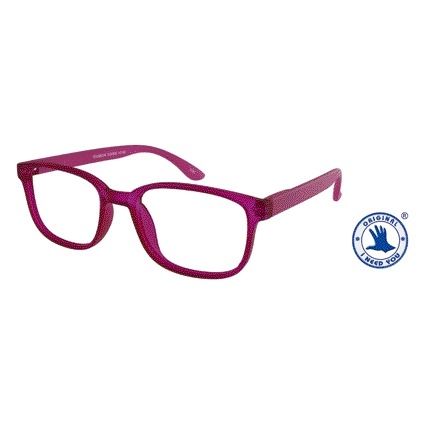 Quantore - Lesebrille +2,00 dtp Regenbogenrosa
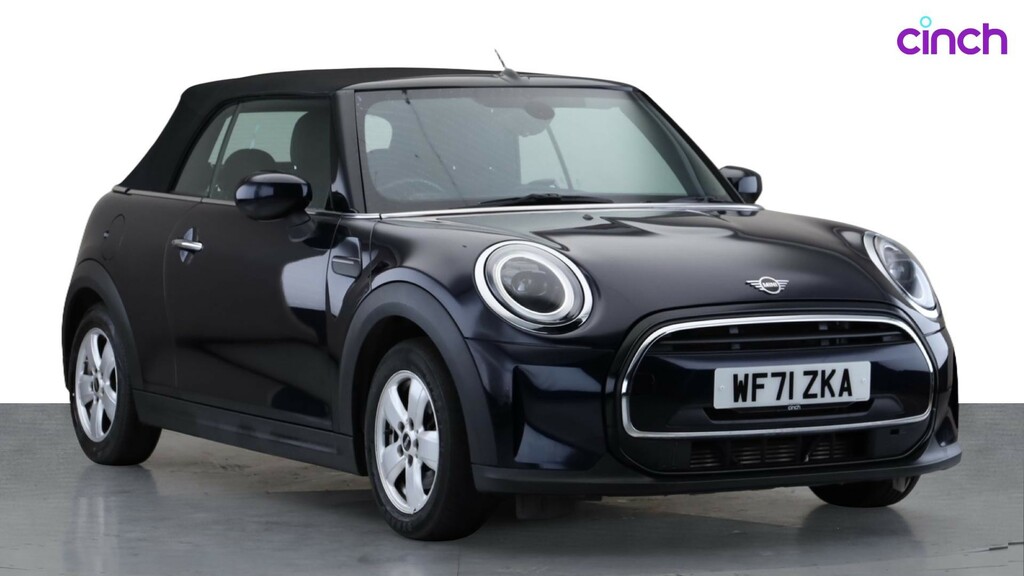 Mini Convertible 2.0 Cooper S Sport II Comfortnav Pack Yellow #1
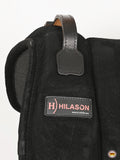 Hilason Horse Bareback Saddle Pad Anti Slip Base Suede Leather Brown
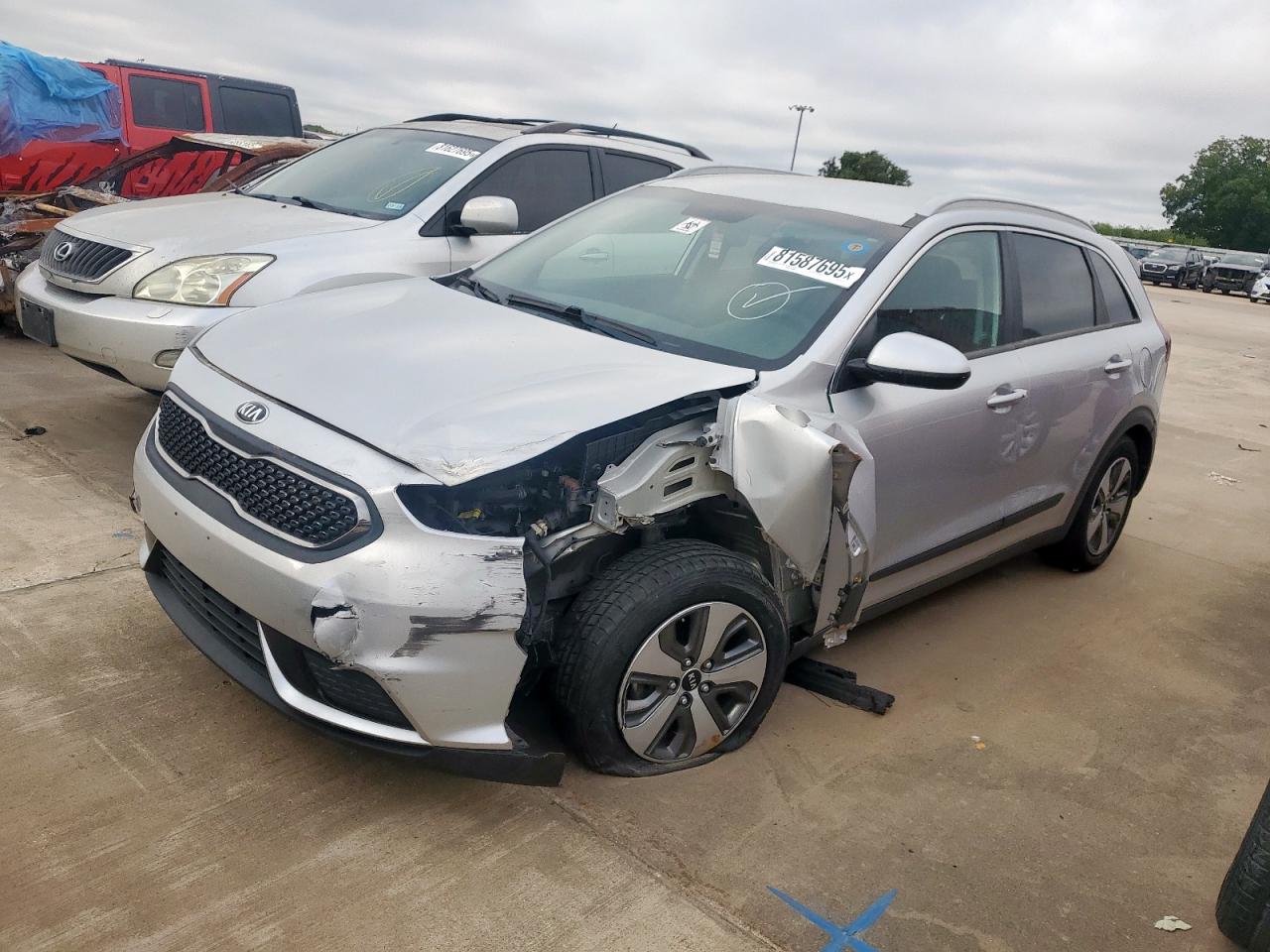 Salvage Kia Niro Image
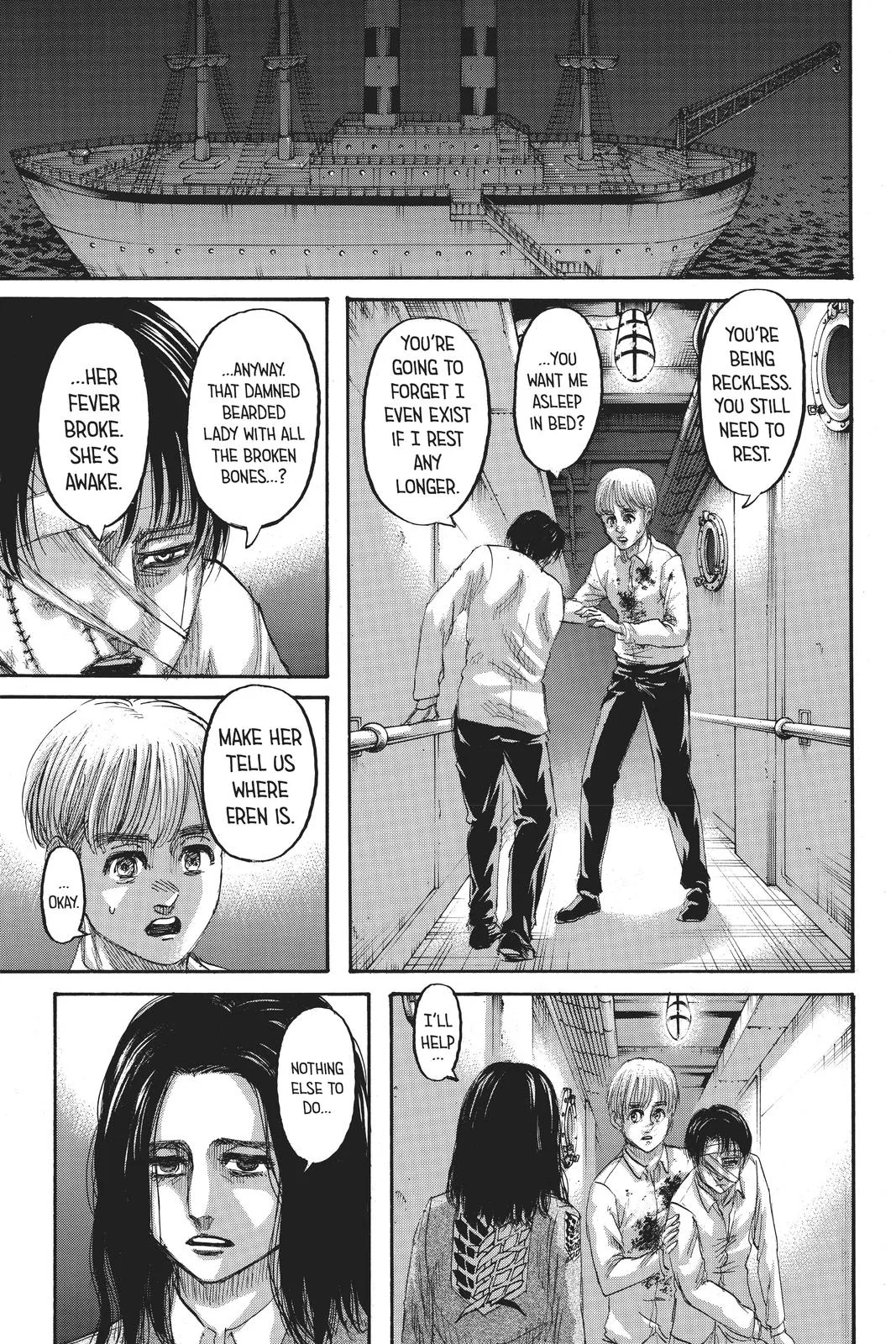 Attack on Titan - Chapter 132 - Page 9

-=-=-

> **Description of the task**
Print, exactly and without pictures, the lines from the one holding "Salvage Kia Niro Image" through the last line of the entries above, both included.

> **Task result**
 Salvage Kia Niro Image
 Attack on Titan - Chapter 132 - Page 9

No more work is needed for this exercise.